◆ WHAT TO PRODUCE ◆
Required from the data below: the exact lines starting at the line containing "Now I don't" and ending at the line containing "Number four is", with both ends kept and all pictures dropped.

◆ RECORDS TO USE ◆
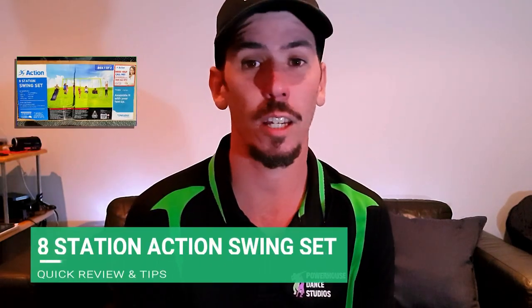Hey there, how you going? Hope you're doing well. Just going to do a quick review on the 8-station action swing set.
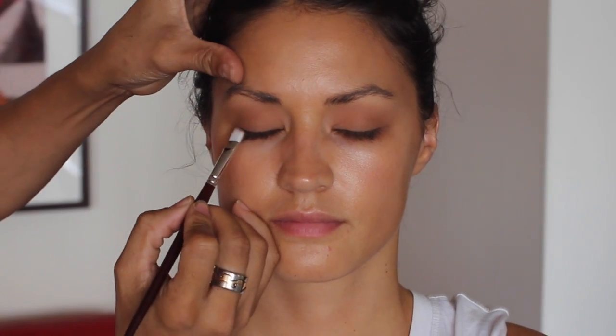Now I don't like to do a lot of hard lines, so I'll be applying this next eyeshadow with my angle brush. This one is called Definitive and it's BA2, so I'm just going for a really nice soft smoke line along the eye.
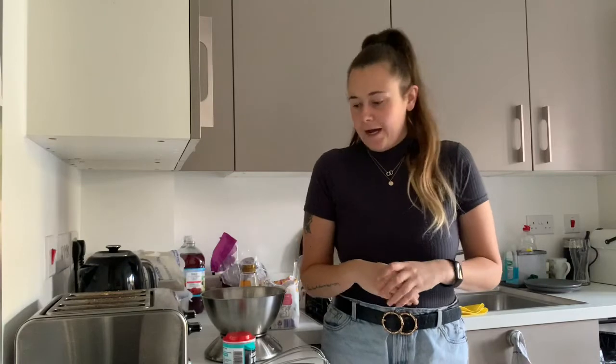Hi guys, welcome back to my channel. I've been really bad at uploading so I thought let's make something really nice and easy and make it a video.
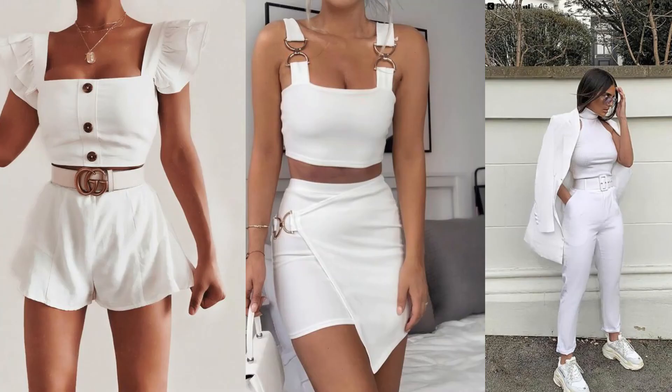Number four is with a pair of jeans — you can just wear it with sneakers or with heels. And the final one, number five, is an all-white outfit: your white top with white shorts, white pants, or a white skirt.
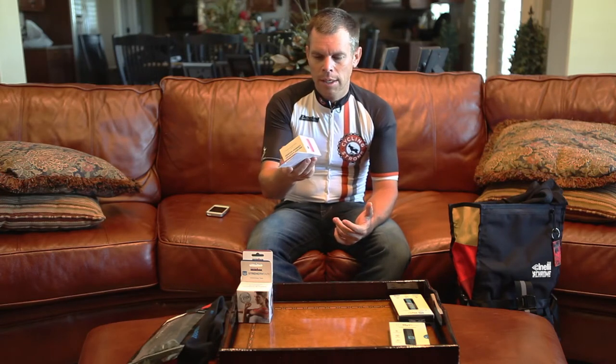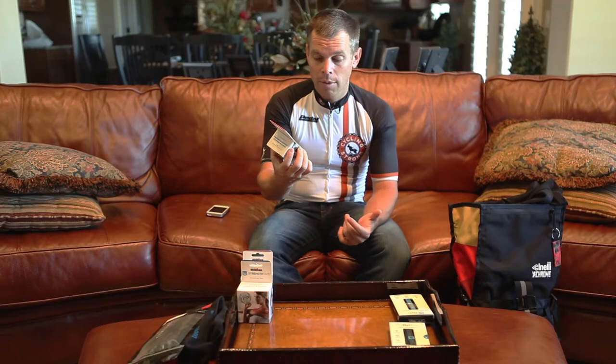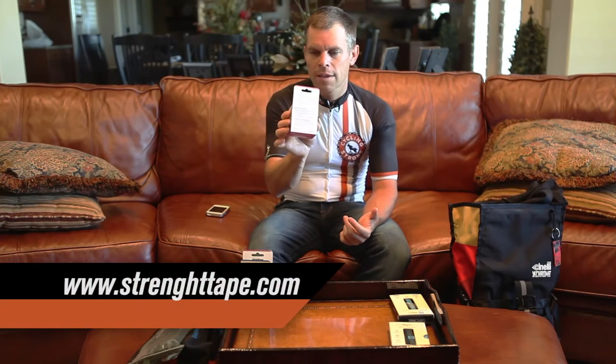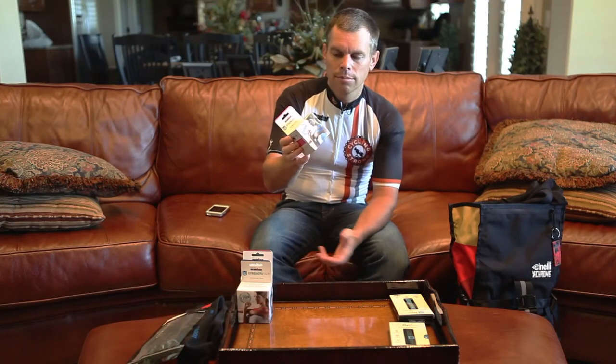So I want you to go out and check them out, see what you think of it. If you have any other tape that you think is better or works really well, I would love to hear it. Strengthtape.com is where you can find this tape. They're official sponsors of the Iron Man series, and the tape actually really works.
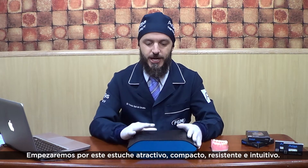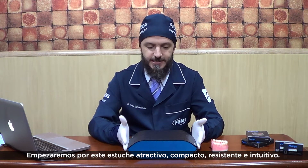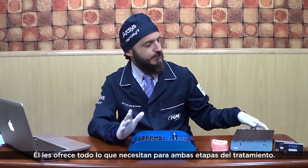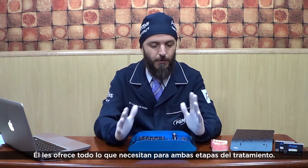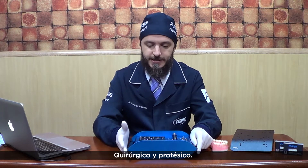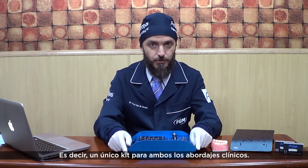Let's start checking this very attractive, compact, resistant and intuitive case. It offers you everything you need for both treatment stages, surgical and prosthetic. In other words, a single kit for either clinical approach.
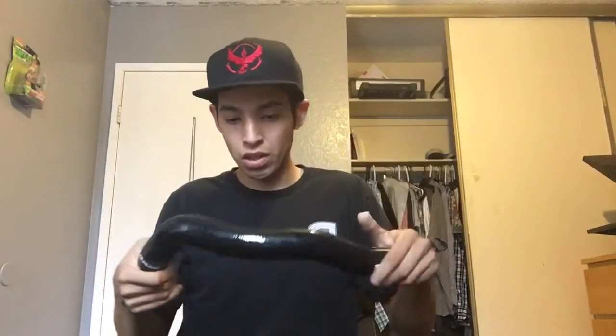My car is gold, so black and gold — yeah, these are the ones I ordered. I'm telling you guys, this material, these hoses are really, really good. Can't wait to install these.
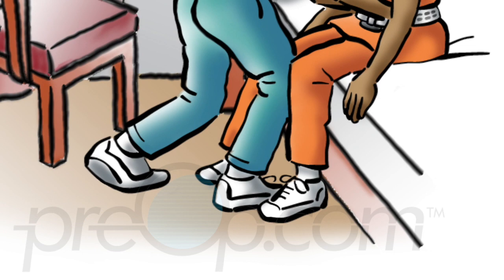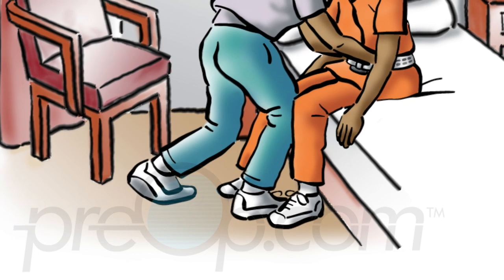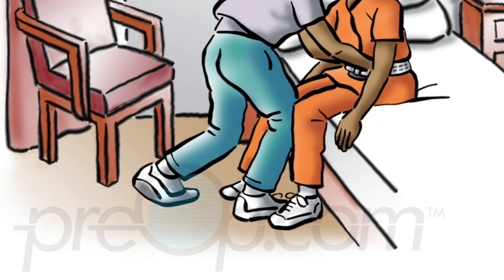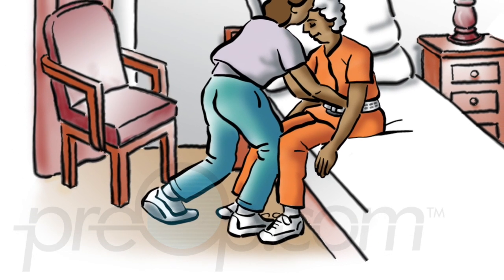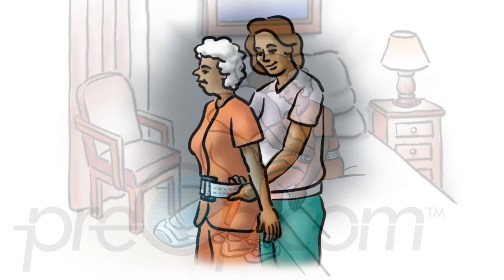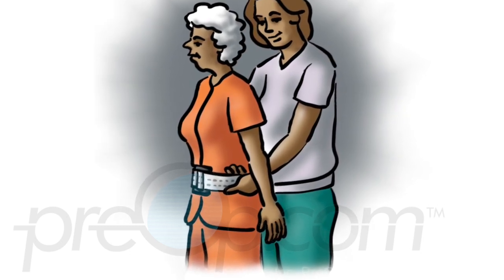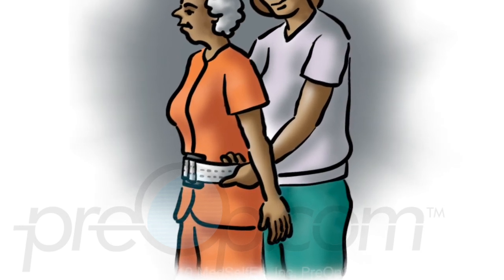Position feet about 12 inches apart and both hands palm-down on the mattress at the side. Place one of your legs between the patient's legs and slightly bend your knees. Grasp the transfer belt from underneath with one hand on either side, several inches away from the buckle. Have the patient lean forward and on the count of three push off the bed with feet and hands to stand up. Use the belt as a support and do not pull the patient up with it. Allow the patient to stand still until comfortable.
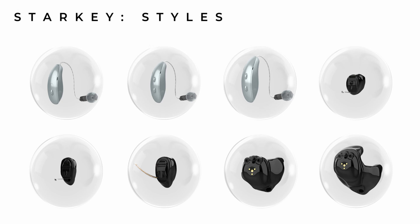From their custom styles, we have the IIC, CIC, ITC, half shell, and ITE. Starkey have a huge selection of styles to choose from, and Multiflex is built into all technology levels.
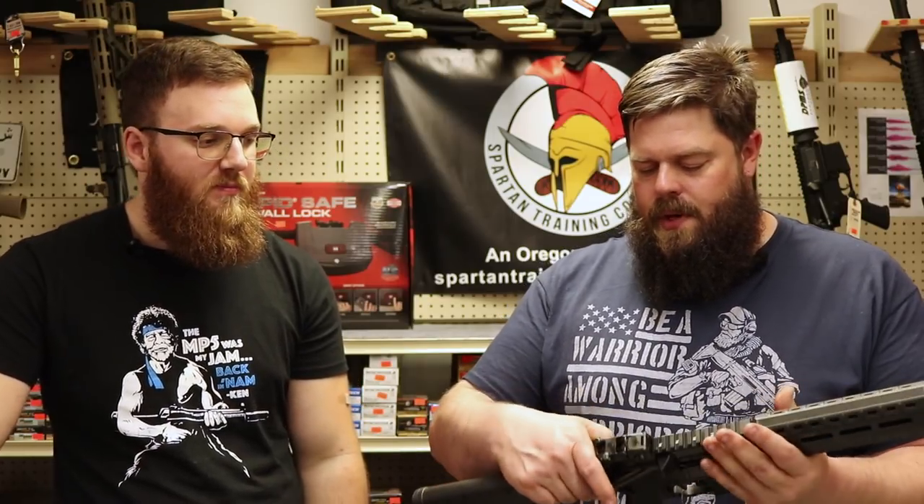When you start changing things from factory specifications or building a gun from scratch and you're not quite sure, you may experience malfunctions. Most questions I get revolve around worn-out buffer springs, buffer weights, adjustable gas blocks, gas length systems, and barrel length — all of which play into the gas system. It's really too much to fully address in a video like this, but it gives you a better picture of how the gas system functions and how delicate it can be.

◆ SOLVED EXERCISE ◆
Now I don't like to do a lot of hard lines, so I'll be applying this next eyeshadow with my angle brush. This one is called Definitive and it's BA2, so I'm just going for a really nice soft smoke line along the eye.
Hi guys, welcome back to my channel. I've been really bad at uploading so I thought let's make something really nice and easy and make it a video.
Number four is with a pair of jeans — you can just wear it with sneakers or with heels. And the final one, number five, is an all-white outfit: your white top with white shorts, white pants, or a white skirt.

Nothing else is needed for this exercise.